Simplesmente ridículo.
Para quem não se lembra, esconderam o técnico durante dias, até poderem montar a farsa!
Cesar, sabe a Futurecom, esta feira que durante anos foi aqui em Florianópolis e agora mudou-se para São Paulo? Pois é, um dos motivos foi que em 2003 o apagão acabou com a feira. No ano seguinte, eu cobria a feira quando o organizador - um empresário de Curitiba - lembrou do episódio. Fico imaginando o que ele deve ter pensado quando a caravana catarinense foi lá pedir a ele para fazer a feira aqui de novo.
Abraço,
Marcelo Santos
Tio césar
Já naquela época o Luis XV se apropriava do trabalho dos outros.

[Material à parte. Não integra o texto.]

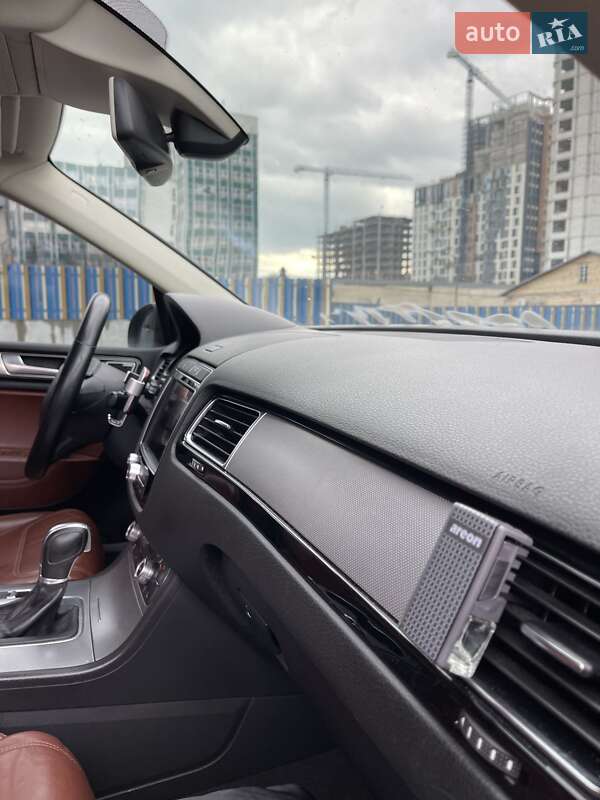 Внедорожник / Кроссовер Volkswagen Touareg 2015 в Киеве фото 15 Внедорожник / Кроссовер Volkswagen Touareg 2015 в Киеве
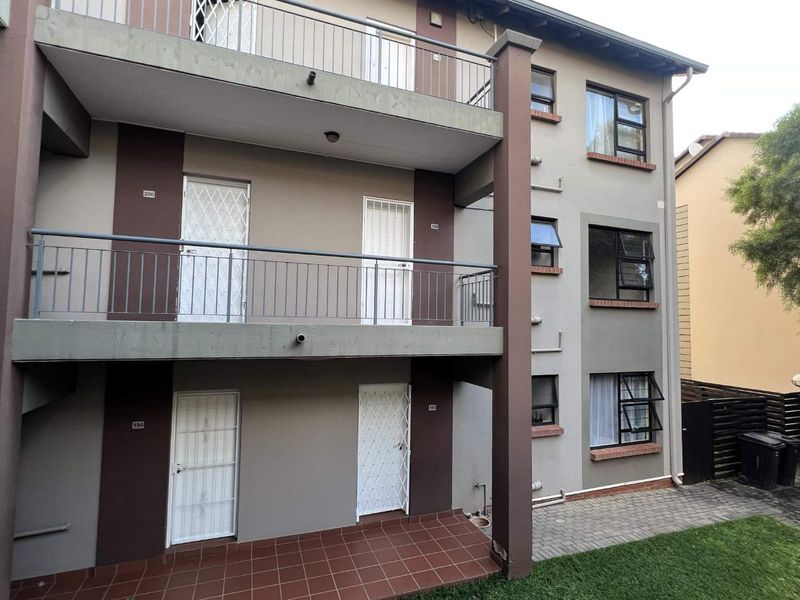 Live Securely in Style: 2-Bedroom Middle-Floor Gem! - Photo 2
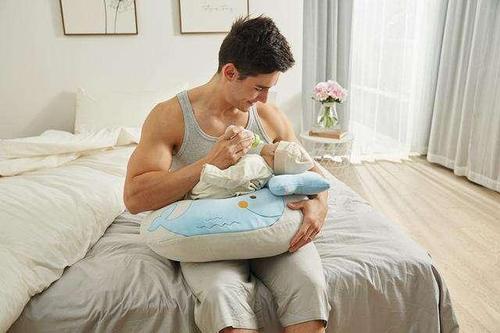 宝宝几个月能竖抱稳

Depois de não aparecer quando o apagão começou (pra variar estava viajando), quando a ELETROSUL montou a linha de emergência, aparece ele alardeando que fora obra da Celesc, sob seus cuidados.
Li no blog Azevedo hoje...
Dário contesta o posicionamento colocado pelo blog e pela coluna Informe Político, do Diário Catarinense, de que a atenção do momento deveria ser dada ao Orçamento em função das obras anunciadas por ele durante a campanha.
- Estão mal informados. As obras (elevado do Trevo da Seta, Centro Multiuso do Norte da Ilha e alargamento da pista da SC-405, no Sul da Ilha) serão feitas com recursos do governo do Estado e eu não preciso acrescentar nada ao Orçamento > explicou o prefeito.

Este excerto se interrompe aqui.